Otros amos
El sábado por la noche bebían champaña en el único restaurante decente de Vilna. Eran tres y descorcharon una botella cada uno. Estaban muy felices. Les vi pagar con dólares. Luego se ajustaron el alzacuellos católico, obsequiando apostólicas miradas a mi estupenda intérprete lituana. Desaparecieron.El domingo volví a verlos por la tarde en la catedral repleta de ovejas, donde oficiaron una interminable misa de acción de gracias, cantada, por la independencia de las tres repúblicas bálticas. Lucían sus antiguas castillas y ahora ponían los ojos en blanco. El coro de los esclavos de Nabucco amenizó la consagración, lo cual tampoco dejaba de ser simbólico.
El cardenal arrió la bandera del pasado opresor mientras izaba el trapo de la tortura eterna en el mástil del confesonario.

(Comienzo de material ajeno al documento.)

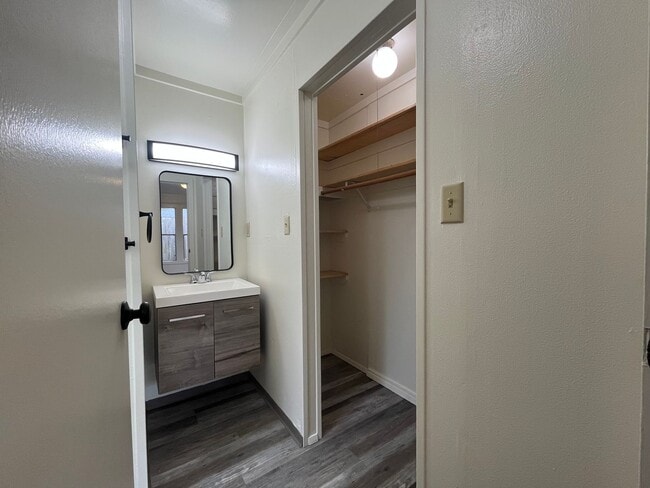 Foto del edificio - 2211 Spring St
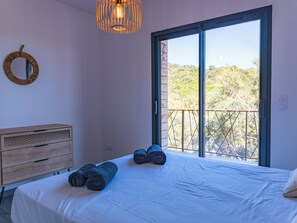 3 chambres, fer et planche à repasser, lit parapluie, Wi-Fi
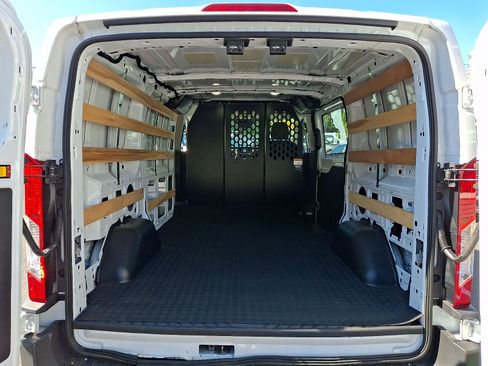 Used 2025 Ford Transit 250 Low Roof w/ Exterior Upgrade Package RWD image 27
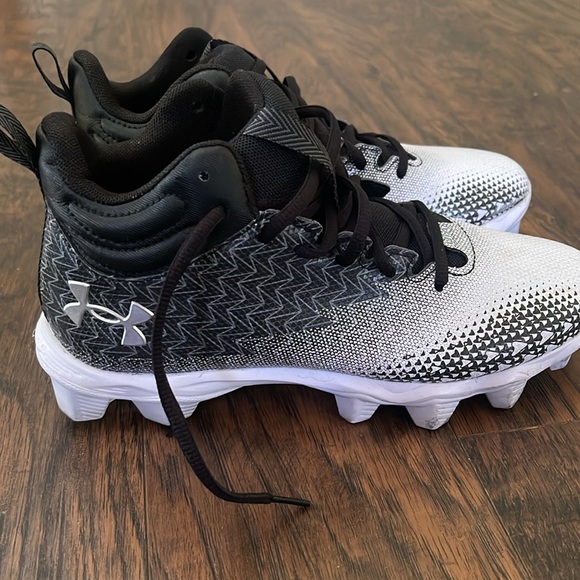 under armour football cleats size5.5 black and white - Picture 2 of 6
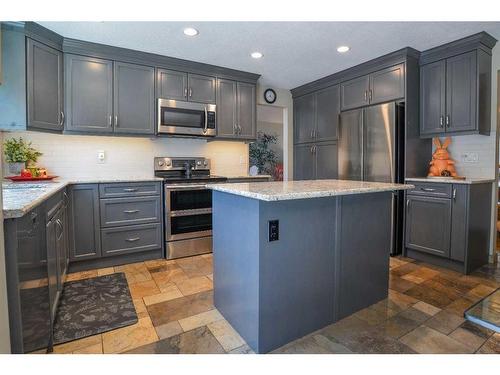 68 Woodfield Road Sw, Calgary, AB - Indoor Photo Showing Kitchen With Stainless Steel Kitchen With Upgraded Kitchen
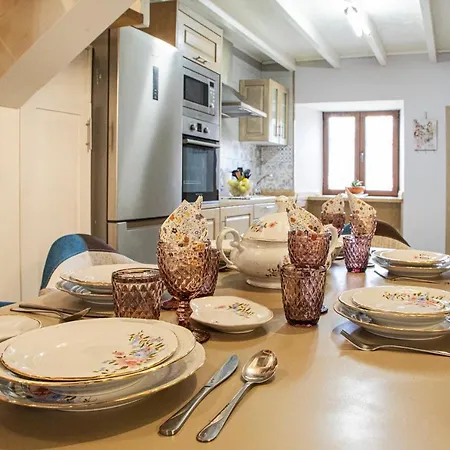 En Llanes 8 Personas * La Galguera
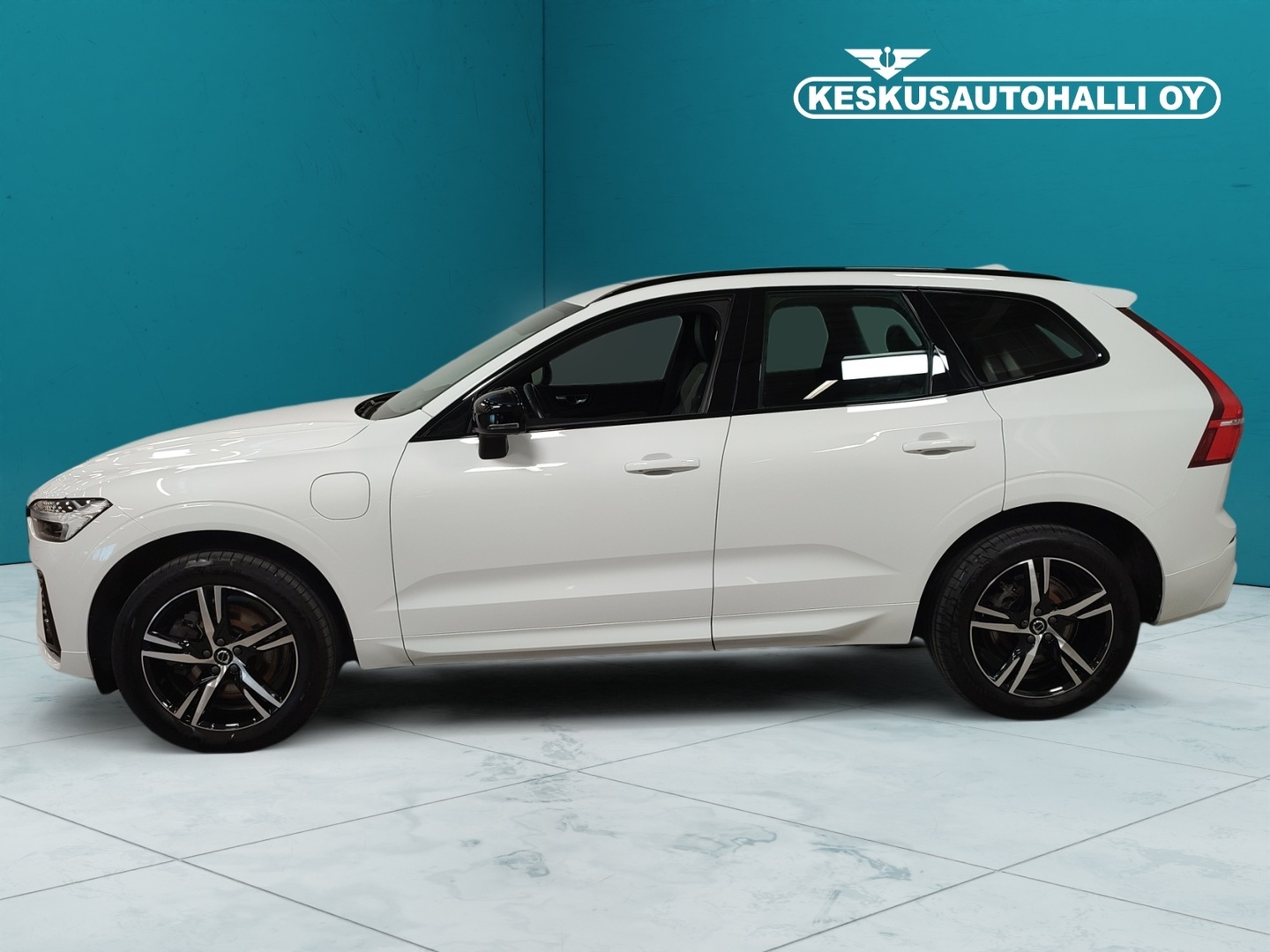 VOLVO XC60 2022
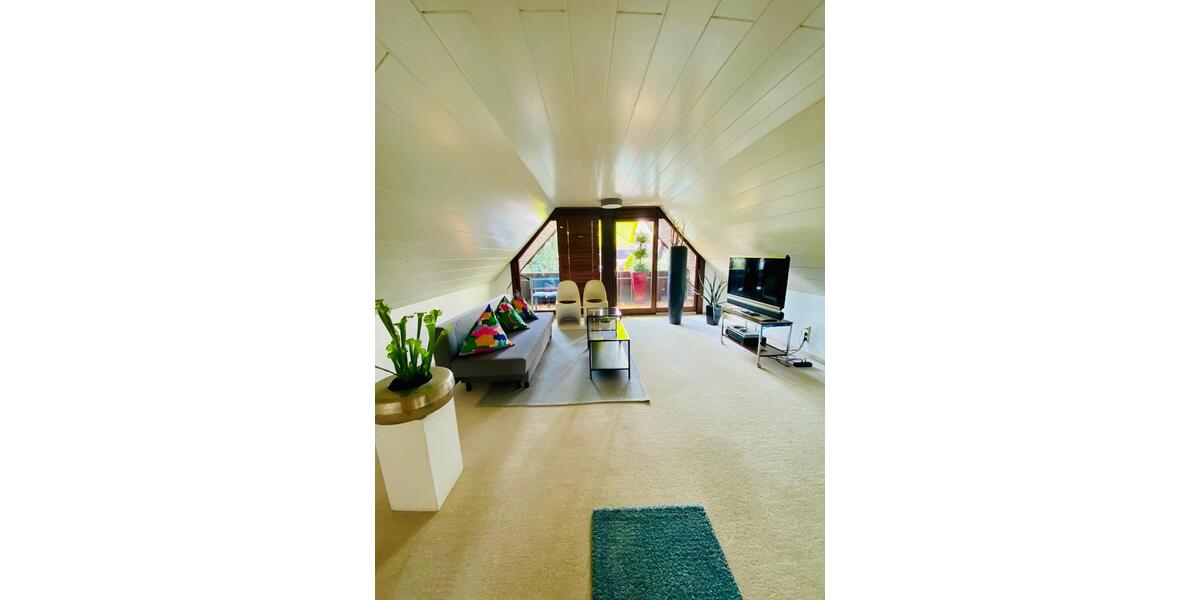 Neu-Ulm: Großes Zimmer mit Balkonzugang – für Frau in 3er WG 3 zimmer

Todos estaban de rodillas con hambre, por lo que el prelado condenó el aborto, el divorcio y las relaciones prematrimoniales con una ferocidad que sólo podía llegar desde lo más alto y santo del universo. Hombres con escapulario pasaron las bandejas para la colecta por cada rincón del templo.

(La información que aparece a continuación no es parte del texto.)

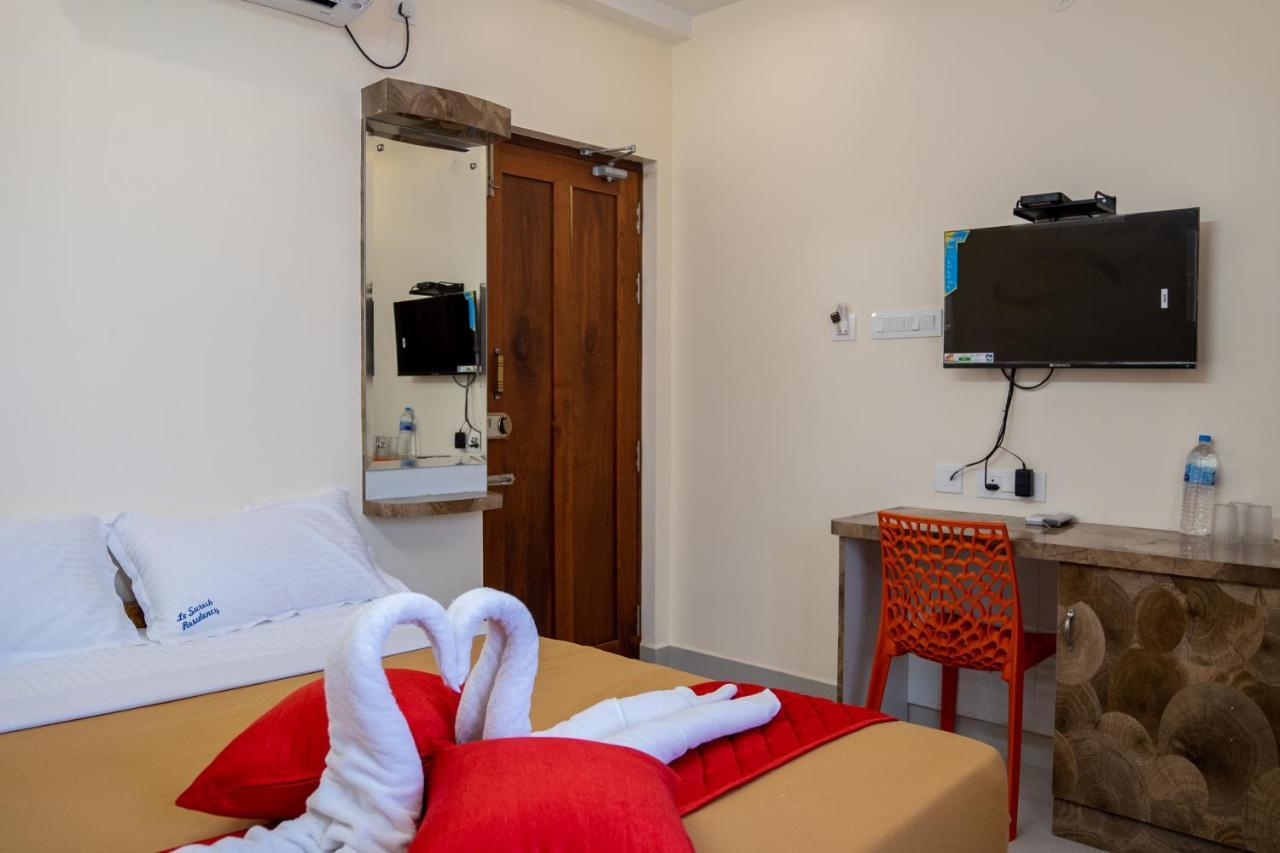 Le Suresh Guest House Pondicherry Exterior foto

El gran bronce de Lenin aguardaba el momento de ser fundido, pues las masas habían arrastrado aquel cadáver hasta un rincón del crematorio, en las afueras de la ciudad. Las nuevas autoridades ocultaban su paradero.
Los mendigos suplicaban el último rublo a las puertas de la iglesia como sucedió siempre, borrachos sobre su propia orina.
Siempre, pensaba yo, hay otro amo detrás del que se va, luciendo un atuendo diferente. Puede ser gorra de plato, mitra de oro, turbante de ayatolá o sombrero de vaquero.
Da igual. Siempre está ahí, al acecho entre burbujas, porque el pueblo lo reclama de rodillas con mucho miedo y demasiada hambre.